EdgeSAM - Efficient SAM Deployment on Edge Devices through Prompt Distillation

Introduction to EdgeSAM

EdgeSAM is an exciting advancement in the field of machine learning, specifically designed for edge devices. It builds upon the Segment Anything Model (SAM) to offer a solution that is significantly faster and more efficient without sacrificing performance. EdgeSAM stands out by achieving a remarkable speed increase, running 40 times faster than the original SAM and 14 times faster than MobileSAM on edge devices. This enhancement is achieved while improving the mean Intersection over Union (mIoU) scores on datasets like COCO and LVIS by notable margins.

Innovating Performance with EdgeSAM

EdgeSAM is unique in its ability to operate at over 30 frames per second (FPS) on devices like the iPhone 14, making it the first SAM variant suitable for such performance on mobile hardware. The technology behind EdgeSAM involves a clever transformation of the SAM image encoder from a ViT-based architecture to a CNN-based one more suited to edge device constraints. This adaptation, along with the integration of prompt encoder and mask decoder, ensures better interaction between user input and output.

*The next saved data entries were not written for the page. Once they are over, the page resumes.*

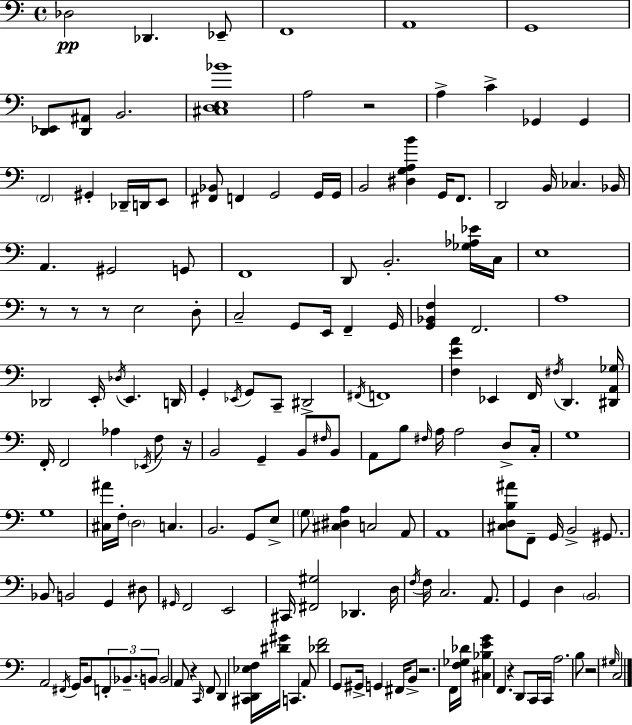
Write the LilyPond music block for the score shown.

{
  \clef bass
  \time 4/4
  \defaultTimeSignature
  \key a \minor
  \repeat volta 2 { des2\pp des,4. ees,8-- | f,1 | a,1 | g,1 | \break <d, ees,>8 <d, ais,>8 b,2. | <cis d e bes'>1 | a2 r2 | a4-> c'4-> ges,4 ges,4 | \break \parenthesize f,2 gis,4-. des,16-- d,16 e,8 | <fis, bes,>8 f,4 g,2 g,16 g,16 | b,2 <dis g a b'>4 g,16 f,8. | d,2 b,16 ces4. bes,16 | \break a,4. gis,2 g,8 | f,1 | d,8 b,2.-. <ges aes ees'>16 c16 | e1 | \break r8 r8 r8 e2 d8-. | c2-- g,8 e,16 f,4-- g,16 | <g, bes, f>4 f,2. | a1 | \break des,2 e,16-. \acciaccatura { des16 } e,4. | d,16 g,4-. \acciaccatura { ees,16 } g,8 c,8-- dis,2-> | \acciaccatura { fis,16 } f,1 | <f e' a'>4 ees,4 f,16 \acciaccatura { fis16 } d,4. | \break <dis, a, ges>16 f,16-. f,2 aes4 | \acciaccatura { ees,16 } f8 r16 b,2 g,4-- | b,8 \grace { fis16 } b,8 a,8 b8 \grace { fis16 } a16 a2 | d8-> c16-. g1 | \break g1 | <cis ais'>16 f16-. \parenthesize d2 | c4. b,2. | g,8 e8-> \parenthesize g8 <cis dis a>4 c2 | \break a,8 a,1 | <cis d b ais'>8 f,8-- g,16 b,2-> | gis,8. bes,8 b,2 | g,4 dis8 \grace { gis,16 } f,2 | \break e,2 cis,16 <fis, gis>2 | des,4. d16 \acciaccatura { f16 } f16 c2. | a,8. g,4 d4 | \parenthesize b,2 a,2 | \break \acciaccatura { fis,16 } g,16 b,8 \tuplet 3/2 { f,8-. \parenthesize bes,8.-- b,8 } b,2 | a,8 r4 \grace { c,16 } f,8 d,4 | <cis, d, ees f>16 <dis' gis'>16 c,4. a,8 <des' f'>2 | g,8 gis,16-> g,4 fis,16 b,8-> r2. | \break f,16 <f ges des'>16 <cis bes e' g'>4 f,4. | r4 d,8 c,16 c,16 a2. | b8 r2 | \grace { gis16 } c2 } \bar "|."
}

Achievements in Speed and Accuracy

The goal of EdgeSAM is to distill the extensive capabilities of the original SAM into a model that is much faster and viable for edge deployment. In terms of speed and resource efficiency, it uses far fewer computations (measured in FLOPs) while also maintaining a compact model size (parameters). For example, it uses only about 22.1 GFLops compared to SAM’s 2734.8 GFLops and takes up less memory with just 9.6 M parameters.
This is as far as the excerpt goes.